▶ **Exercise**: The response must be the exact lines from the line holding "Aerial view of" through the end of the entries, with no pictures and nothing else.

[Source material]

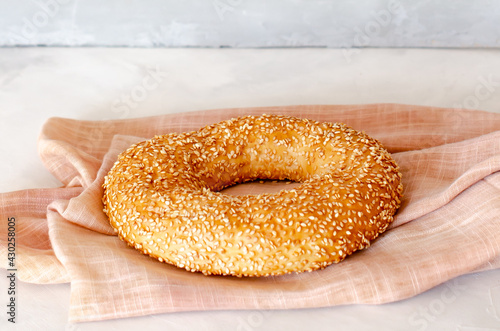 Simit Turkish crispy braided bagel with sesame seeds. Turkish homemade traditional pastries. Side view. Close-up. Copy space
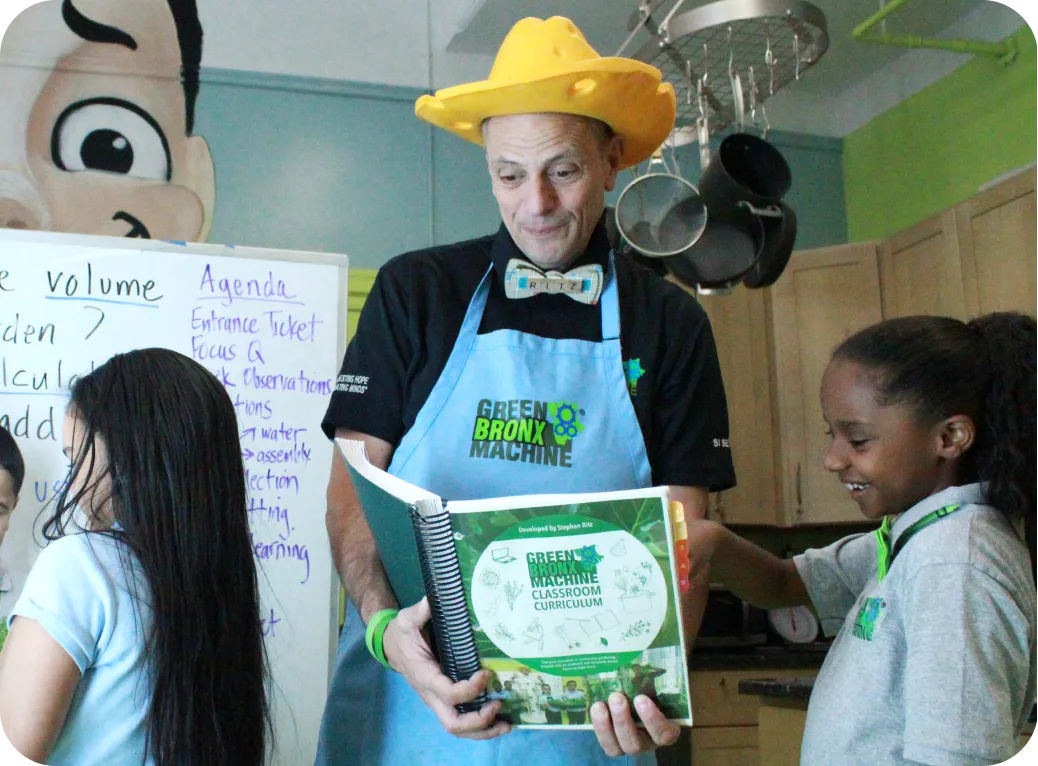 Stephen Ritz in his cheese hat shares information with a young student.
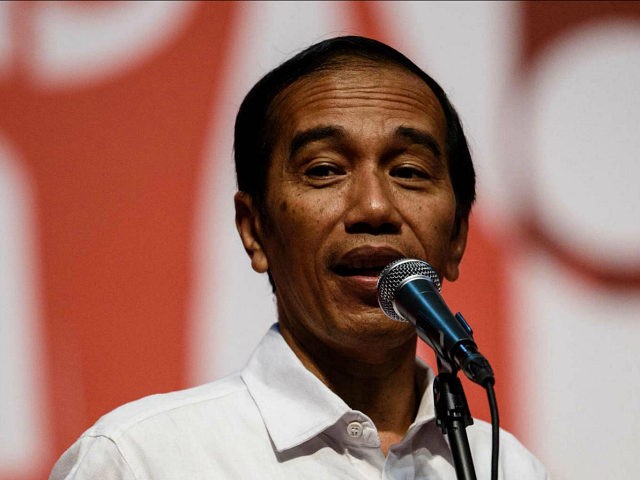 Indonesian President Joko Widodo speaks at an event to meet workers from Indonesia during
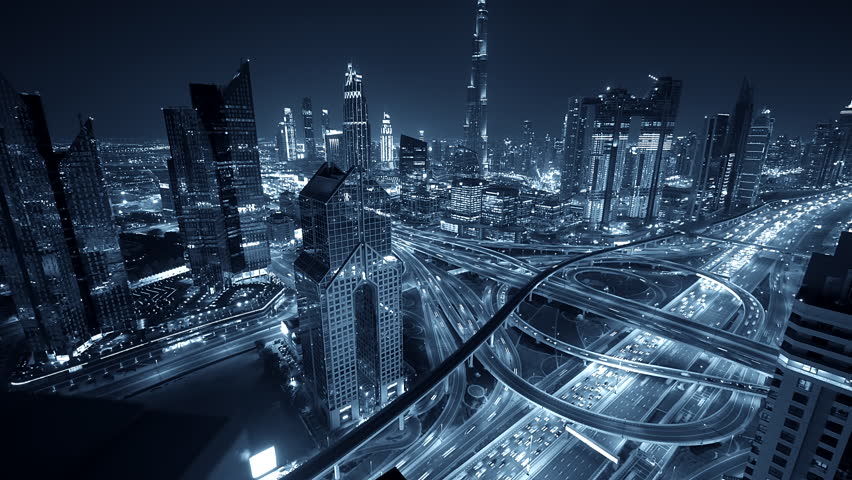 Aerial view of a busy city at night with glowing skyscrapers and urban design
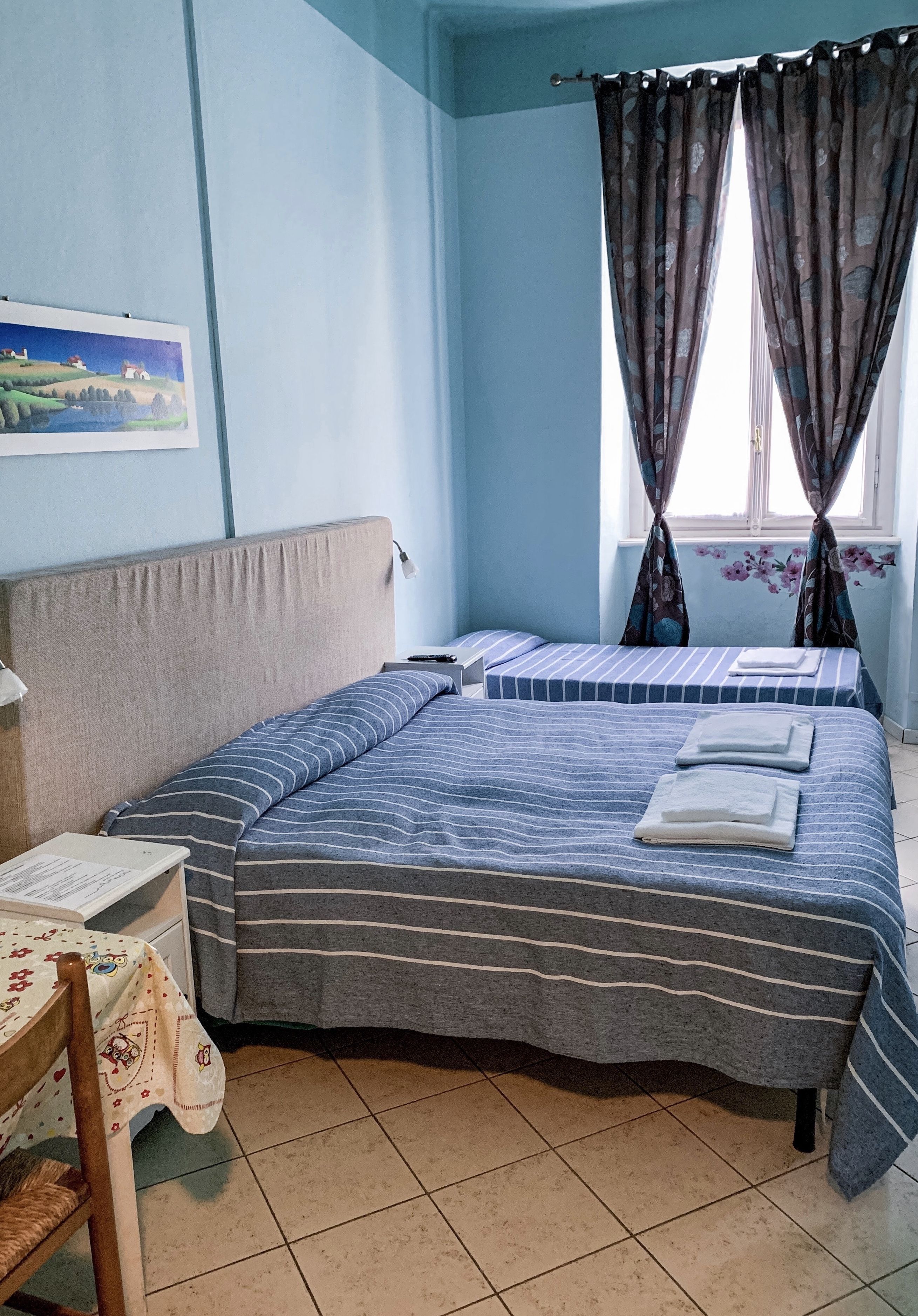 A bedroom with two beds, a table, and a chair.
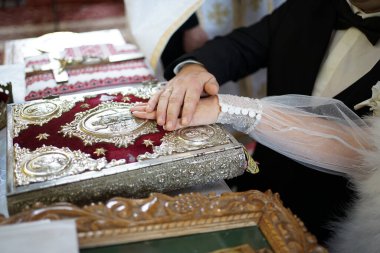 Birbirlerine kilise yemini ederken, yeni evliler İncil 'i ele geçirdiler. Kilise nikahı.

[/Source material]

▶ **Output of the exercise**:
 Aerial view of a busy city at night with glowing skyscrapers and urban design
 A bedroom with two beds, a table, and a chair.
 Birbirlerine kilise yemini ederken, yeni evliler İncil 'i ele geçirdiler. Kilise nikahı.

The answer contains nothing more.